102253 – scalability issues with large loop depth

Bug 102253 - scalability issues with large loop depth

Summary: scalability issues with large loop depth

Status:	UNCONFIRMED

Alias:	None

Product:	gcc
Classification:	Unclassified
Component:	middle-end (show other bugs)
Version:	12.0

Importance:	P3 normal
Target Milestone:	---
Assignee:	Not yet assigned to anyone

URL:
Keywords:	compile-time-hog

Duplicates (1):	110396 (view as bug list)
Depends on:
Blocks:	110396
	Show dependency tree / graph

Reported:	2021-09-09 09:45 UTC by Richard Biener
Modified:	2023-06-24 20:13 UTC (History)
CC List:	3 users (show)

See Also:
Host:
Target:
Build:
Known to work:
Known to fail:
Last reconfirmed:

Attachments
Add an attachment (proposed patch, testcase, etc.)
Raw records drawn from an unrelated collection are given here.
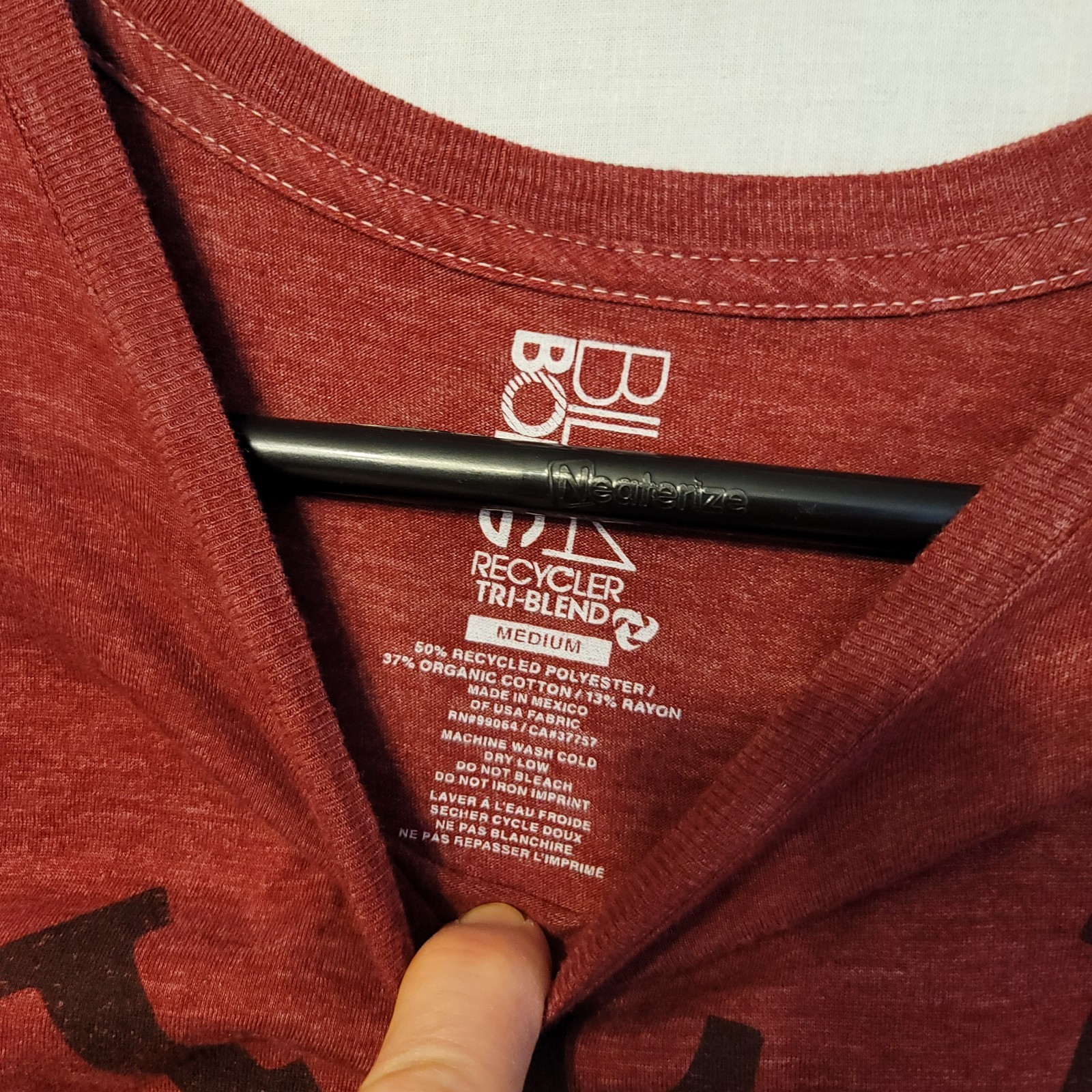 Billabong T-shirt M Wave Badge Logo Est 1973 Poly/Cotton/Rayon Brick Red V Good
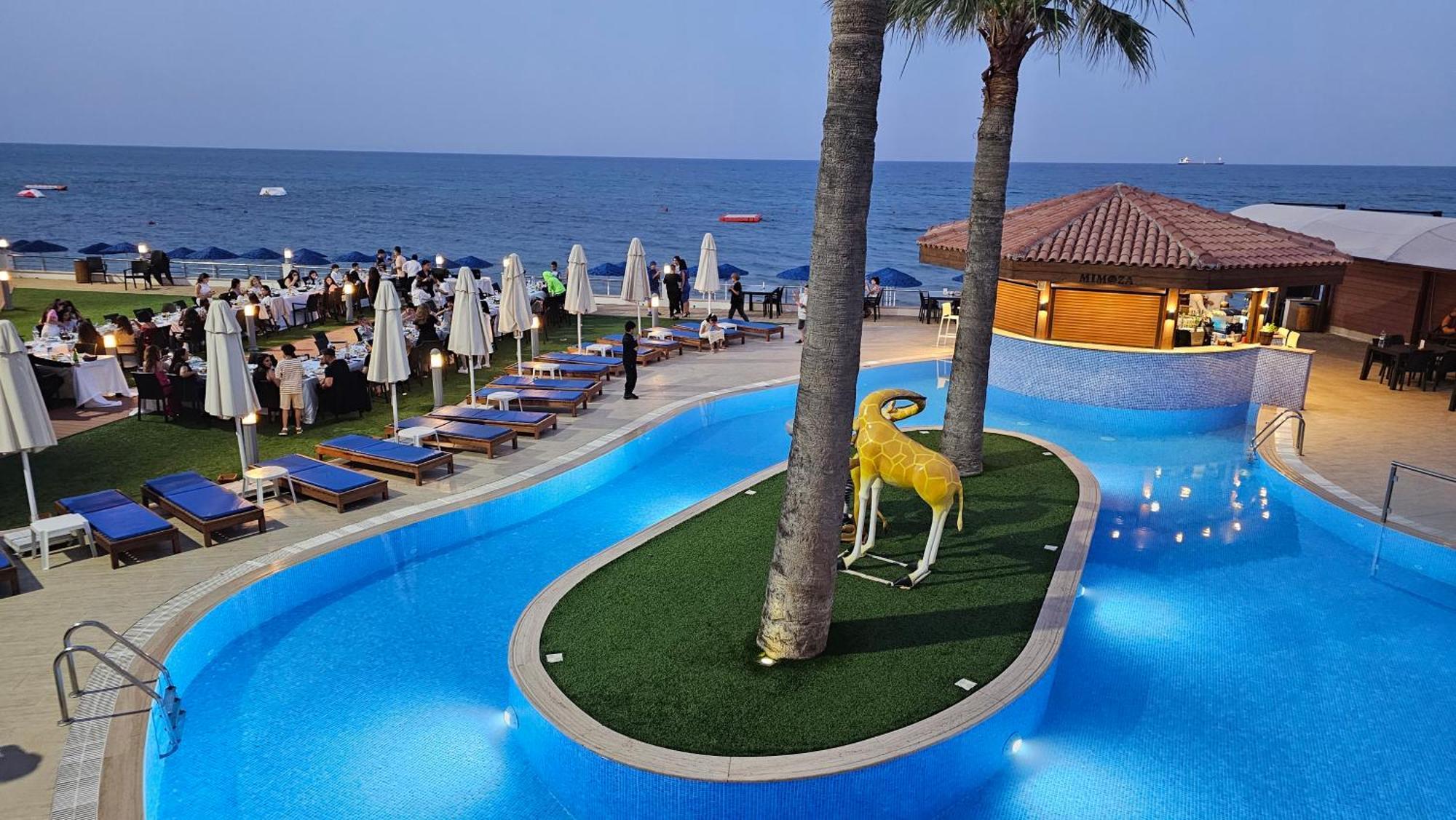 Mimoza Beach Hotel Agios Sergios Exterior foto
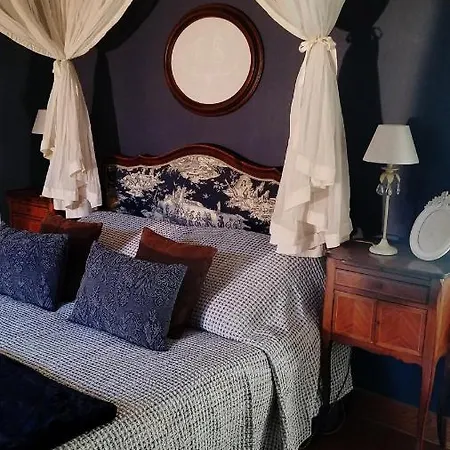 Couette-café Logis Les Remparts Bayeux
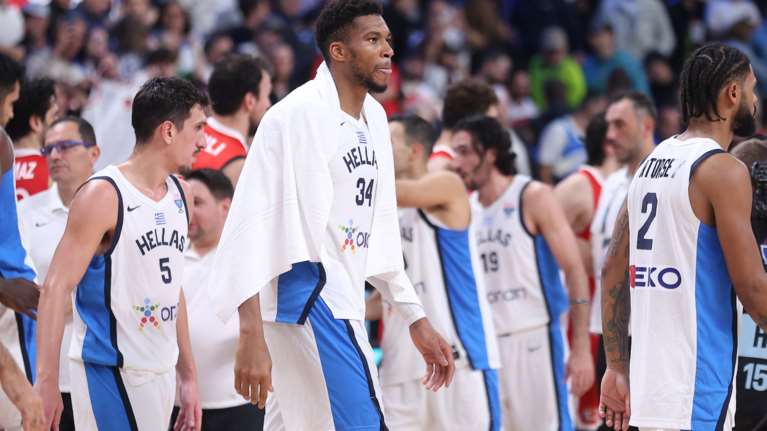 Τουρκικά ΜΜΕ για τη νίκη απέναντι στην Ελλάδα: &quot;Θάψαμε τους Έλληνες στο παρκέ&quot; - Ο Ερντογάν τηλεφώνησε στον Αταμάν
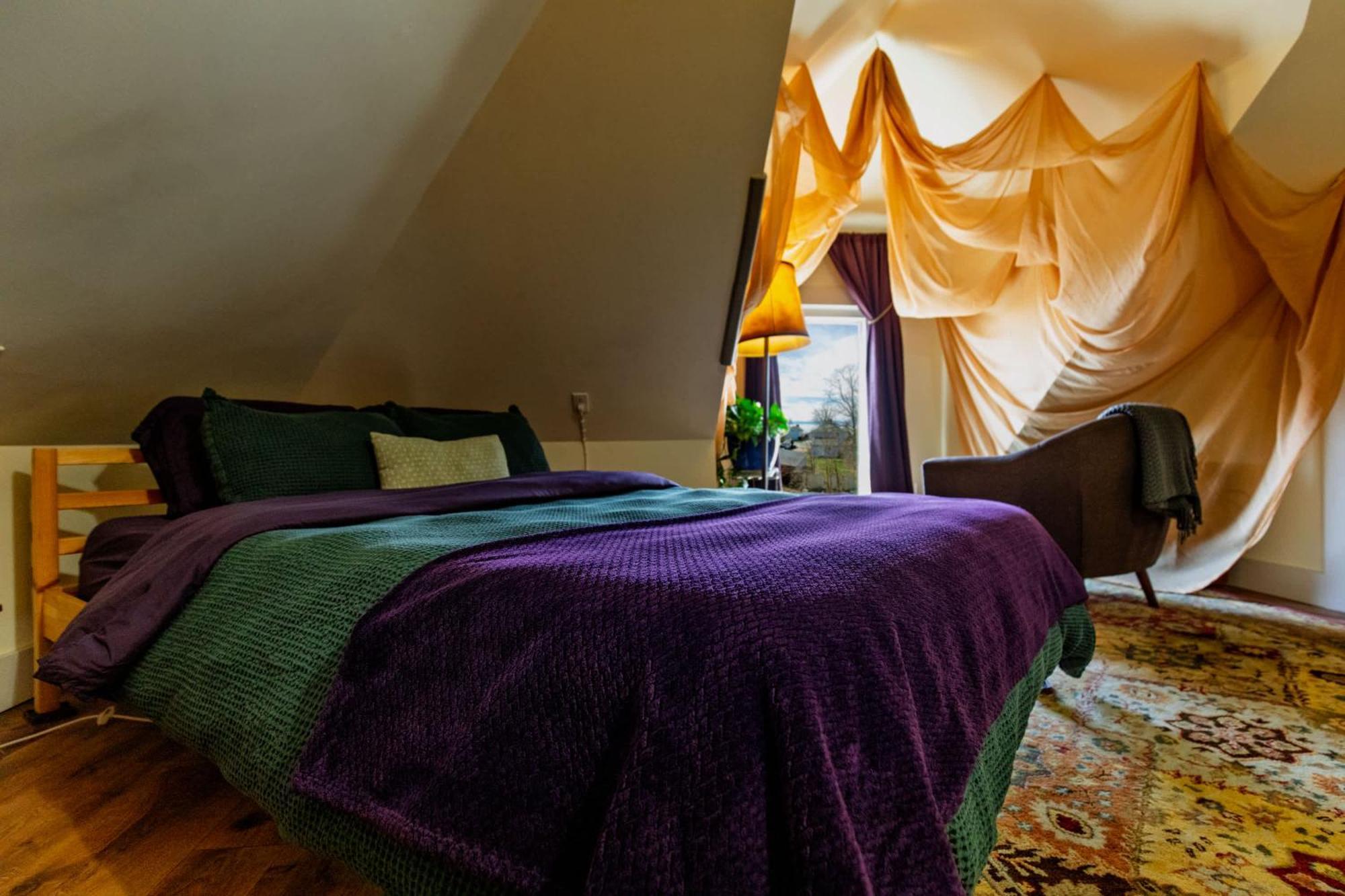Centrally Located With Lake Views Burlington Ngoại thất bức ảnh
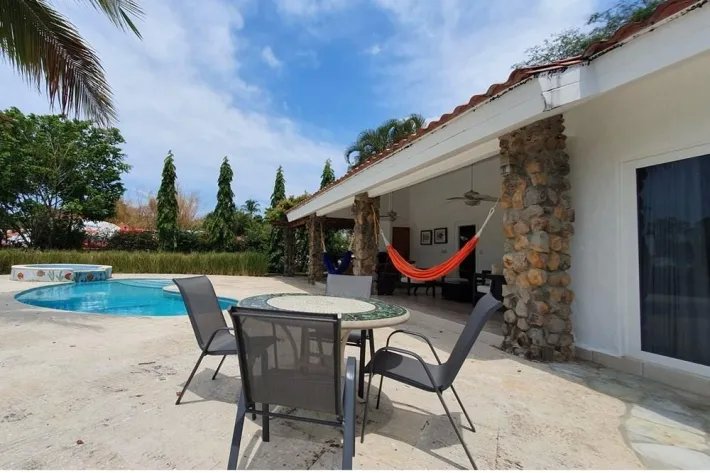 Se vende casa en Punta Barco Village, San Carlos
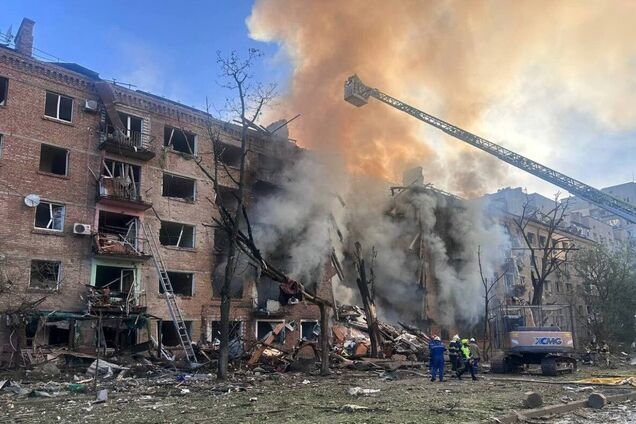 Число жертв вражеской атаки на Киев 24 мая возросло до трех человек. Фото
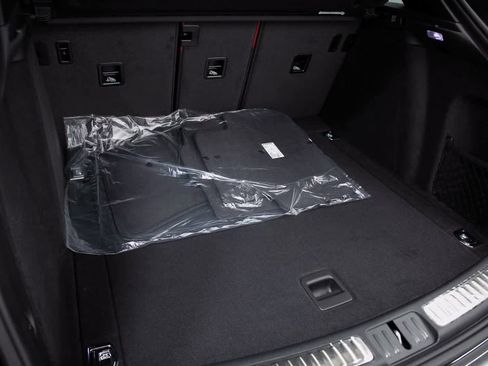 Certified 2025 Porsche Macan image 32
Note You need to log in before you can comment on or make changes to this bug.

Description Richard Biener 2021-09-09 09:45:57 UTC

When investigating an improvement to LIMs fill_always_executed_in I created
the following testcase which creates a loop nest of depth N with conditionally
executed subloops.

extern void foobar (int);
template <int a>
struct bar
{
  static void baz(int b, int)
  {
    if (b & (1 << (a % 32)))
      for (int i = 0; i < 1024; ++i)
        bar<a-1>::baz (b, i);
  }
};
template <>
struct bar<0>
{
  static void baz (int, int i) { foobar (i); }
};
void __attribute__((flatten)) foo(int b)
{
#ifndef N
#define N 10
#endif
  bar<N>::baz (b, 0);
}

For N == 900 (the maximum unless you also specify -ftemplate-depth) and -O1 we see

 tree canonical iv                  :   1.42 ( 13%)   0.00 (  0%)   1.42 ( 13%)    28M ( 13%)
 complete unrolling                 :   2.80 ( 27%)   0.00 (  0%)   2.81 ( 26%)    42M ( 19%)
 integrated RA                      :   3.41 ( 32%)   0.32 ( 80%)   3.72 ( 34%)   640k (  0%)
 TOTAL                              :  10.54          0.40         10.96          224M

For N == 1800 and -O1 it is already

 tree canonical iv                  :  30.43 ( 28%)   0.05 ( 14%)  30.50 ( 28%)   116M ( 15%)
 complete unrolling                 :  63.96 ( 59%)   0.06 ( 17%)  64.04 ( 59%)   175M ( 22%)
 tree iv optimization               :   5.75 (  5%)   0.00 (  0%)   5.77 (  5%)   126M ( 16%)
 integrated RA                      :   1.40 (  1%)   0.12 ( 34%)   1.53 (  1%)  1754k (  0%)
 TOTAL                              : 108.35          0.35        108.75          796M

For reference compile-time with N == 450 is 2.5s with

 tree canonical iv                  :   0.18 (  7%)   0.00 (  0%)   0.19 (  7%)  6904k ( 10%)
 complete unrolling                 :   0.34 ( 14%)   0.00 (  0%)   0.34 ( 13%)  8412k ( 13%)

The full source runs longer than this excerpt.